What is a type error?

Joachim Durchholz jo at durchholz.org
Wed Jul 12 15:37:39 EDT 2006


Marshall schrieb:
> Joachim Durchholz wrote:
>> Marshall schrieb:
>>> I can see the lack of a formal model being an issue, but is the
>>> imperative bit really all that much of an obstacle? How hard
>>> is it really to deal with assignment? Or does the issue have
>>> more to do with pointers, aliasing, etc.?
>> Actually aliasing is *the* hard issue.
> 
> Okay, sure. Nice explanation.
> 
> But one minor point: you describe this as an issue with "imperative"
> languages. But aliasing is a problem associated with pointers,
> not with assignment.

Aliasing is not a problem if the aliased data is immutable.

 > One can have assignment, or other forms
> of destructive update, without pointers; they are not part of the
> definition of "imperative."

Sure.
You can have either of destructive updates and pointers without 
incurring aliasing problems. As soon as they are combined, there's trouble.

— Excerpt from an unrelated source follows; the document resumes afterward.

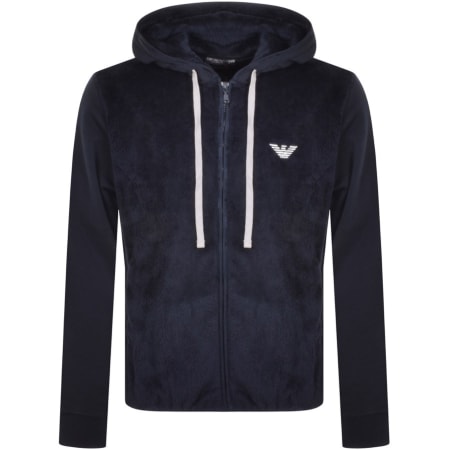 Product Image for Emporio Armani Lounge Full Zip Hoodie Navy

Functional programming languages often drop assignment entirely. (This 
is less inefficient than one would think. If everything is immutable, 
you can freely share data structures and avoid some copying, and you can 
share across abstraction barriers. In programs with mutable values, 
programmers are forced to choose the lesser evil of either copying 
entire data structures or doing a cross-abstraction analysis of who 
updates what elements of what data structure. A concrete example: the 
first thing that Windows does when accepting userland data structures 
is... to copy them; this were unnecessary if the structures were immutable.)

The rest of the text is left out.